Por sua vez, a ORPLANA (Organização de Associações de Produtores de Cana do Brasil) definiu como “falsas e infundadas” as declarações da cientista.
Evidências contradizem a posição de entidades
Apesar de as entidades terem repudiado as declarações da pesquisadora, estudos recentes respaldam as afirmações feitas pela cientista.
Embora reafirmem o compromisso do agronegócio com o meio ambiente, um relatório divulgado pelo MapBiomas em agosto deste ano aponta que o setor é atualmente o principal responsável pela perda de vegetação nativa no Brasil, tendo expandido sua área agrícola em 228% nos últimos 39 anos.
O mesmo estudo revelou que o Brasil chegou este ano à marca de 33% de perda de suas áreas nativas, com metade da perda total — cerca de 55 milhões de hectares — ocorrendo na Amazônia.

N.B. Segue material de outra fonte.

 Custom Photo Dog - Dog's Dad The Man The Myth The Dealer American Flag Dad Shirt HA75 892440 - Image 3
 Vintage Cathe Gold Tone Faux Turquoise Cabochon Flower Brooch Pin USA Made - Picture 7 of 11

Sobre a origem dos focos de queimada, pesquisas recentes baseadas em imagens de satélite demonstram que mais de 90% delas são causadas por ação humana. A ministra Marina Silva caracterizou ações coordenadas de incêndios como “terrorismo climático”.
Entenda o caso
Em entrevista concedida à GloboNews no dia 15, Gatti criticou a proposta de Tarcísio de Freitas de indenizar proprietários de áreas atingidas por queimadas sem investigação prévia de possíveis responsáveis e vítimas. Segundo a pesquisadora, essa ação pode favorecer criminosos e desamparar pequenos produtores.
No entanto, a entrevista de Gatti foi interrompida devido a problemas técnicos, suspendendo rapidamente a chamada no instante em que a pesquisadora criticava Tarcísio de Freitas. Logo após restabelecer a conexão, a conversa foi redirecionada para outro tópico pela entrevistadora, sem dar condições para que Gatti prosseguisse a partir do ponto em que havia sido interrompida.

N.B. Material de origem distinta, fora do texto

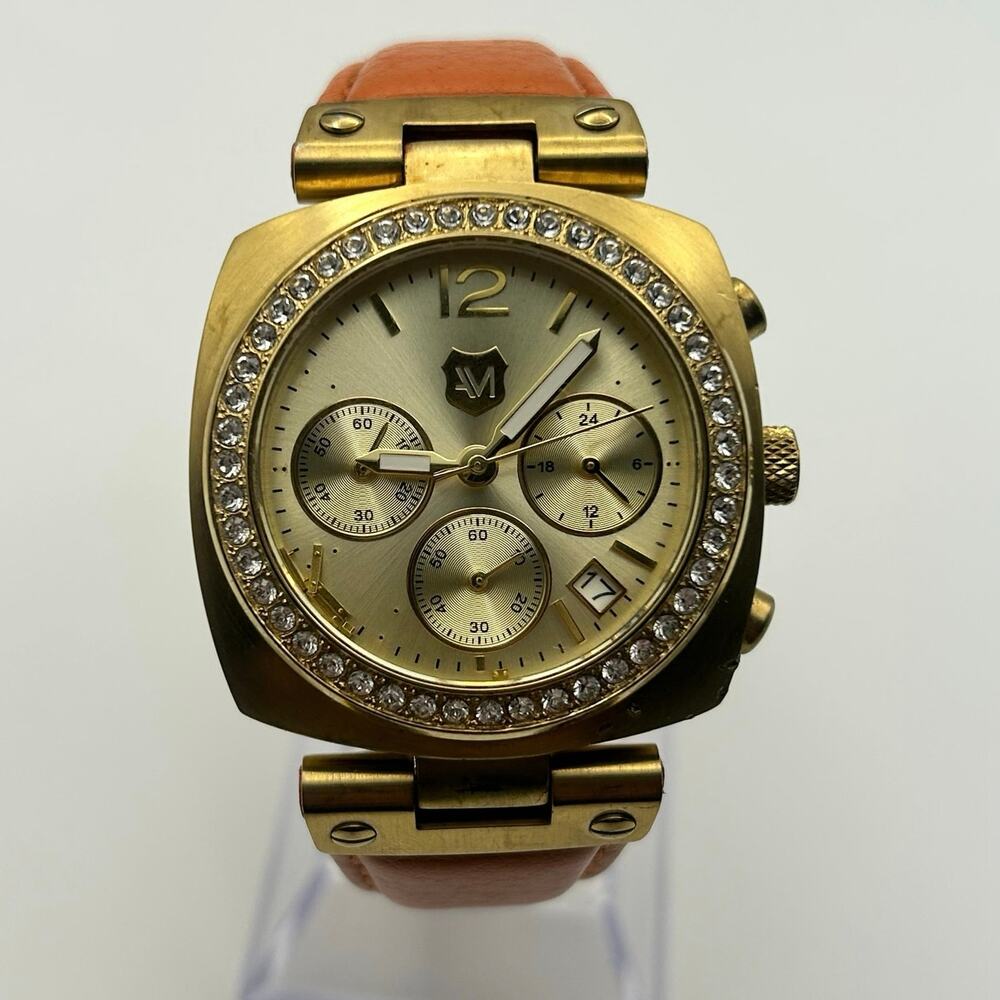 Andrew Marc AM3000901 Gold Tone Women's Classic Chronograph Watch  New Battery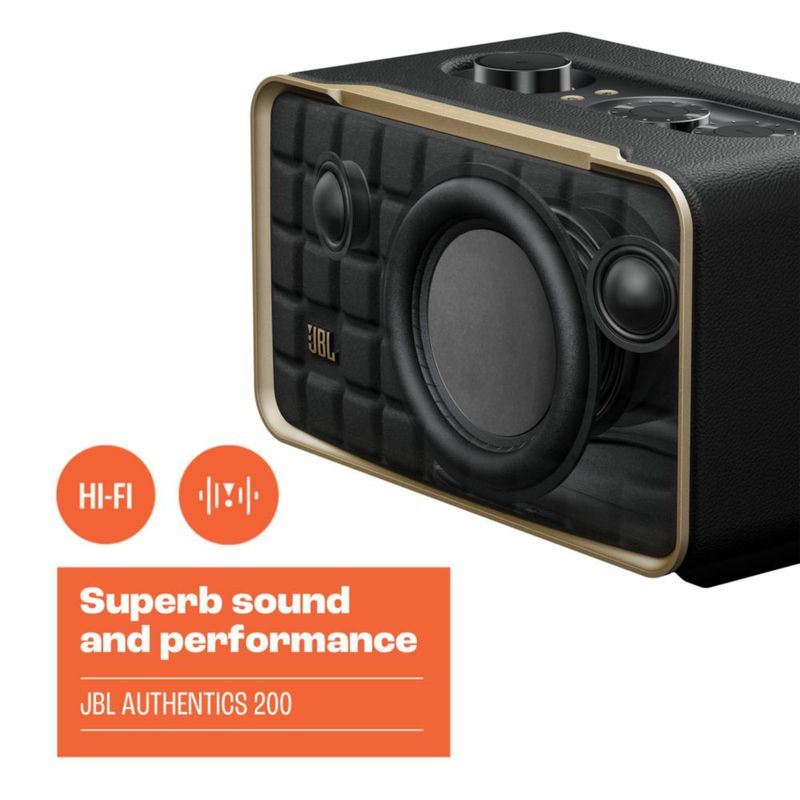 Altavoz doméstico inteligente JBL Authentics 200 de estilo retro blanco/dorado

Moção de apoio e solidariedade
Como resposta aos ataques sofridos pela cientista, a comunidade de acadêmicos e ambientalistas tem expressado apoio à pesquisadora por meio de manifestações públicas. Assinada por Antonio Donato Nobre, Carlos Nobre e Ricardo Galvão, uma moção pública foi criada em apoio e solidariedade à Dra. Luciana Gatti.
Leia na íntegra:
Na semana sucessiva ao dia 15 de setembro (2024), uma tempestade se desencadeou contra a Dra. Luciana Gatti. O Secretário da Agricultura do Estado de São Paulo, Guilherme Piai, chegou a acusá-la de ter dado à imprensa declarações “nefastas e criminosas” a respeito dos incêndios que estão devastando o país. Além disso, enviou um ofício à Ministra Luciana Santos, do MCTI, pedindo explicações sobre tais declarações.
Trata-se de uma acusação injuriosa e de uma clara tentativa de intimidação que não pode ficar sem a devida resposta de parte da sociedade. A Dra. Luciana Gatti, uma das mais experientes cientistas do Brasil, com grande reconhecimento nacional e internacional, apenas reiterou à imprensa o que é largamente sabido: o histórico de importante parte do setor do agronegócio tem sido promover desmatamento e queimadas de florestas, matas, vegetação nativa e até áreas protegidas, como bem o comprova o contínuo monitoramento por satélite. Como sempre, esse setor do agronegócio e seus porta-vozes políticos valem-se da velha tática de imputar às vítimas e aos acusadores a autoria dos próprios crimes.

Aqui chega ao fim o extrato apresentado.